Si l’une des problématiques majeures de toutes les entreprises soucieuses d'accélérer leur intégration de l'IA, reste l'embauche, les banques ont l’avantage de pouvoir proposer des packages salariaux attractifs pour attirer les talents. Néanmoins, sur un marché de l’emploi en forte tension pour les profils en data science et IA, retenir de tels profils dans la durée nécessite de leur fournir des projets stimulants et les capacités de les relever. Or aujourd’hui force est de constater que bien souvent les finalités et impacts attendus des projets de data science sont trop peu définis en amont de l’arrivée de data scientists et le cadre technique et organisationnel de travail trop rigide au regard des attentes des data scientists. Aussi, il en résulte fréquemment une latence forte sur les projets érodant significativement la motivation des data scientists. Dans un secteur comme la banque où de nombreuses expertises fonctionnelles existent, embaucher le spécialiste possédant les bonnes compétences dépend fortement du cas d’utilisation. La meilleure façon de procéder consiste donc à s’appuyer, au-delà d’une équipe réduite de data scientists experts (principalement d’un point de vue technique et méthodologique) sur les ressources internes, dont les compétences métiers et la connaissance de l’organisation sont éprouvées, et à les former à l’utilisation de la donnée. Le défi des compétences IA consiste moins à embaucher, qu’à outiller, à faciliter et à améliorer l’efficacité des collaborateurs en place.
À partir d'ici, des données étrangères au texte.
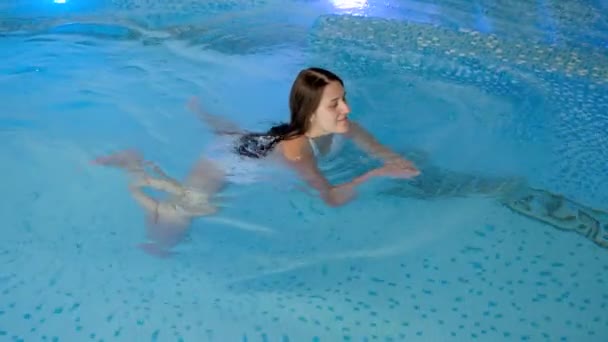 Повільний рух розслаблюючої красивої жінки в басейні з чистою водою в курортному спа-центрі готелю — стокове відео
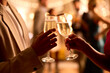 © Monkey Business - Close Up Of Couple At Party Making Champagne Toast Together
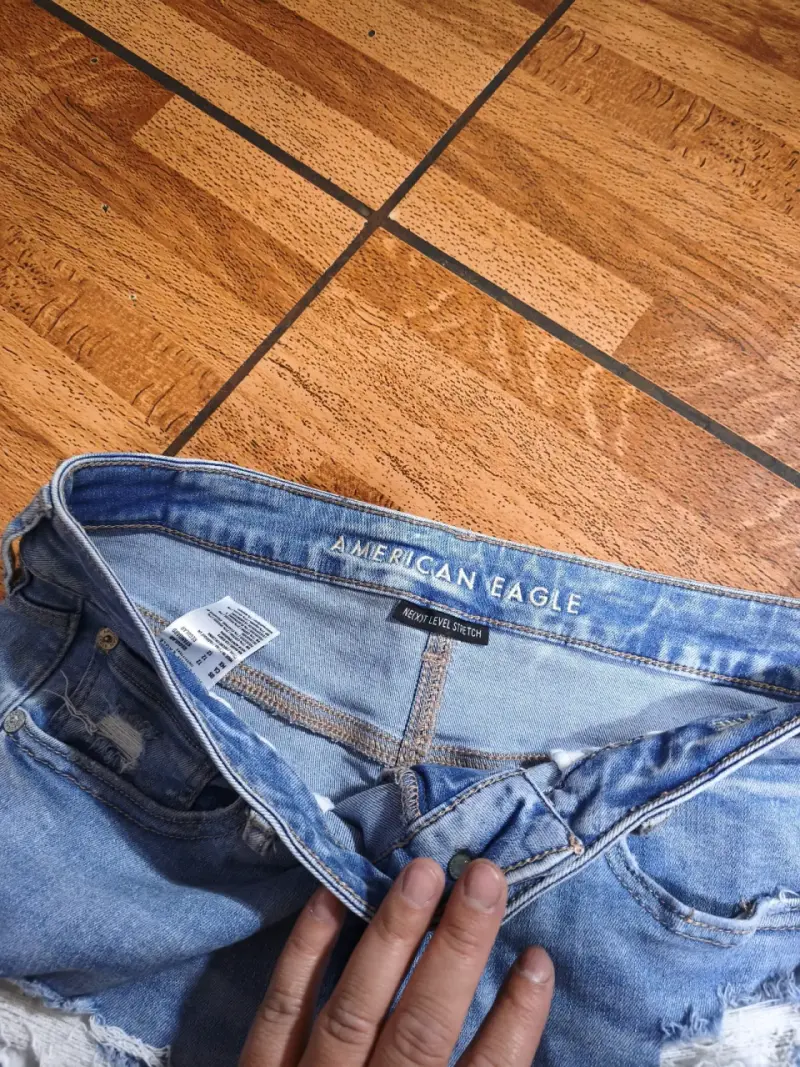 Jeans acampanados desgastados American Eagle - 3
5ème frein : la résistance au changement  

Enfin, transformer une banque n’est pas chose aisée et s’avère d’autant plus difficile lorsqu’il s’agit d’IA, pour laquelle l’attention particulière de la presse grand public nourrit des appréhensions plus ou moins fortes. Ainsi, les conséquences de ces technologies sur le marché de l’emploi suscitent de grandes interrogations et résistances au changement. Pour autant, une banque ne peut plus aujourd’hui faire l’impasse de ces nouveaux outils et des processus d’automatisation qui en découlent, ni se lancer dans de tels projets en ignorant ou passant outre ces résistances. Les initiatives d’IA sont autant de leviers indispensables à sa performance dès lors qu’elles s’inscrivent dans un plan de transformation qui en adresse les multiples défis afin de pouvoir en tirer pleinement les bénéfices attendus.